Optimal Conditioning Regimen for Haplo-Identical Stem Cell Transplantation in Adult Patients with Acquired Severe Aplastic Anemia: Prospective De-Escalation Study of TBI and ATG Dose

Background Recent advances in controlling graft failure and graft-versus-host disease (GVHD) due to barrier of HLA incompatibilities in haplo-identical stem cell transplantation from related mismatched donor (Haplo-SCT) extended its application to severe aplastic anemia (SAA). Therefore, studies for searching optimal conditioning regimen and strategy of graft manipulations for SAA patients who receive Haplo-SCT are needed. This prospective study was aimed to explore the optimal conditioning regimen to ensure engraftment with minimal toxicity in adult patients with SAA who received Haplo-SCT.

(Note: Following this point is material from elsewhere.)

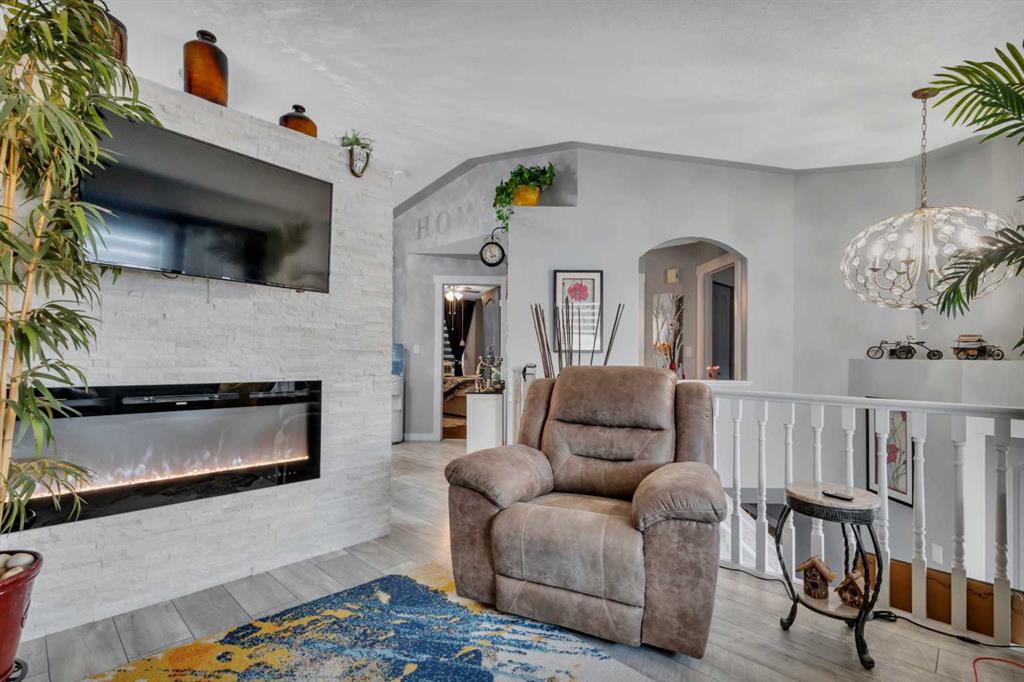 Additional image 4 of 17 Keast Way, Red Deer, AB, T4P 3Z3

Methods We have explored a safe and sufficient dose of ATG in combination with 800 cGy TBI and fludarabine (Flu, 30 mg/m²/day) for 5 days using step by step dose de-escalation based on the transplant-related mortality (TRM) and toxicity. The dose of ATG was de-escalated from 10 mg/kg (group 1), 7.5 mg/kg (group 2), to 5 mg/kg (group 3) and from October 2014, the TBI dose also reduced to 600 cGy with fixed dose of Flu and ATG (5mg/kg) (group 4). If any patient developed TRM with engraftment in each group, we moved to next group. For GVHD prophylaxis, a combination of tacrolimus and short-course methotrexate was used. G-CSF mobilized PBSCs were used as stem cell source without manipulation. Considering the importance of both survival and GVHD rate when testing conditioning regimen, GVHD-free survival, defined as grade 3-4 acute GVHD, chronic GVHD requiring systemic treatment, or death was addressed.

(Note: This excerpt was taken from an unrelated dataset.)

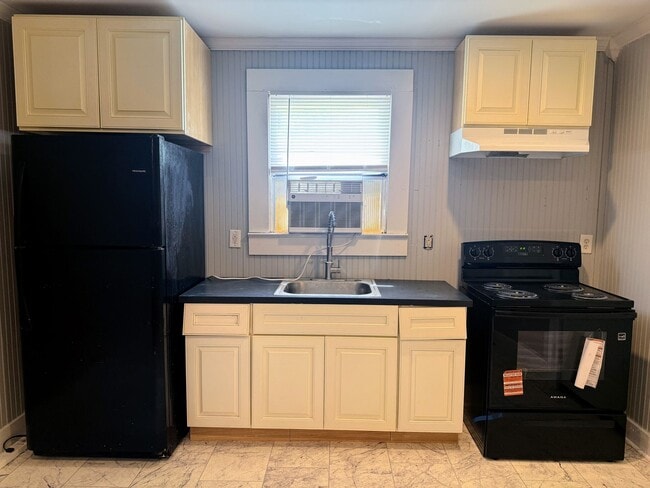 Photo - 1BR Apartment with Private Entrance in Downtown Lake Charles | Located Behind Historic Home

Results Twenty-nine patients including 18 men and 11 women were enrolled. The median age was 31 (17-52) years. Median CD34⁺ cells transplanted were 5.84x10⁶/kg (1.45-16.2). All patients achieved primary engraftment. Thirteen patients (7 of 10 in the group 1-3, 6 of 19 in the group 4) had CMV DNAemia requiring pre-emptive therapy including 3 patients with CMV disease (2 pneumonia, 1 colitis). Three patients (2 in the group 1, 1 in the group 2) developed EBV-associated PTLD, of whom two patients with monomorphic type received rituximab and chemotherapy. The incidence of acute GVHD (grade ≥2) and chronic GVHD (≥ moderate) were 24% and 17%, respectively. With a median follow-up of 41.4 (31.9-48.9) months in the group 1-3 and 10.1 (1.3-20.6) months in the group 4, probability of overall survival (94.1% in the group 4 vs. 70% in the group 1-3, P = 0.292) and GVHD-free survival (73.3% in the group 4 vs. 50% in the group 1-3, P = 0.161) were improved in the group 4.

Conclusions This study explored the optimal conditioning with step by step de-escalation dose of ATG and TBI to reduce TRM with sustained graft function. TBI-600 cGy/Flu/low-dose ATG resulted in feasible outcomes of Haplo-SCT for adult patients with SAA.